Curiosity rover reveals the role played by large lakes in forming Martian mountain.

In 2012, NASA landed a robotic vehicle called Curiosity on Mars, in a crater 96 miles in diameter, dubbed Gale Crater. The vehicle has since been driving around and gathering data that is helping researchers to learn more about Mars’ past habitability.

The NASA researchers, including Professor Sanjeev Gupta from Imperial College London, are currently using Curiosity to investigate a particular set of sedimentary rocks called the Murray formation at the base of Mount Sharp, which stands about 3 miles high in the centre of Gale Crater. These sedimentary rocks show alternating sand and silt deposits delivered by lakes, rivers and wind. The sedimentation pattern suggests that the lakes came and went repeatedly, building the base of Mount Sharp in the process.

The team’s working interpretation of their analysis is that ancient Mars sustained a climate that could have produced lakes in many locations that were much larger and longer-lasting than any previously confirmed.
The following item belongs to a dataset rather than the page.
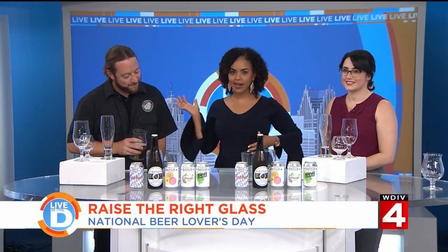Michelle Oliver is joining to help with this next segment — today is National Beer Lovers Day. Joining us is Steven Roggensen, the founder and co-owner of Batch Brewing in Detroit. Welcome to Live in the D. He jokes that owning a brewery in Michigan means every day is National Beer Lovers Day.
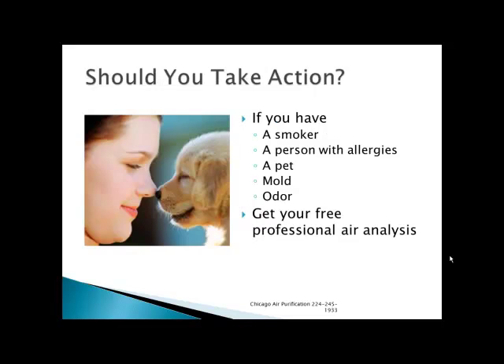Should you take action? If you have a smoker in your home, you can eliminate the problem of secondhand smoke and smoke odors. If you have a person with allergies, don't let them wake up every day sneezing, coughing, with swelled up eyes — get this system so that they won't have those problems. If you have a pet, we can eliminate pet dander, pet allergies, and odors from pets. We can eliminate mold — do you have mold in your basement or somewhere else in your home? Mold is very, very bad, and we can eliminate it with our system. Any kind of odor we can eliminate — we've even put our system in stores next to restaurants and Subway sandwich shops to completely eliminate the odor.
The findings suggest that environmental conditions may have been favourable for microbial life even during the intervals when water was not standing on the surface, but could persist just beneath it.

Professor Gupta said: “Mars was once a world similar to Earth, with its own lakes and rivers. The rocky records we are studying at the base of Mount Sharp shows that Gale Crater sustained much larger bodies of water for much longer periods of time than we previously thought. We are seeing that the base of Mount Sharp was formed from successive layers of sediment deposited by water over millions of years.

“This evidence points to a world that was warm enough to sustain water on the surface for much longer periods of time than we previously thought. Tantalisingly, these large bodies of water may have provided the perfect conditions for microbial life to gain a foothold, even during the dry periods, when they may have retreated below the surface.”

Despite earlier evidence from several Mars missions pointing to wet environments on the planet, the modelling of Mars’ ancient climate has yet to identify the conditions that could have produced long periods warm enough for stable water on the surface.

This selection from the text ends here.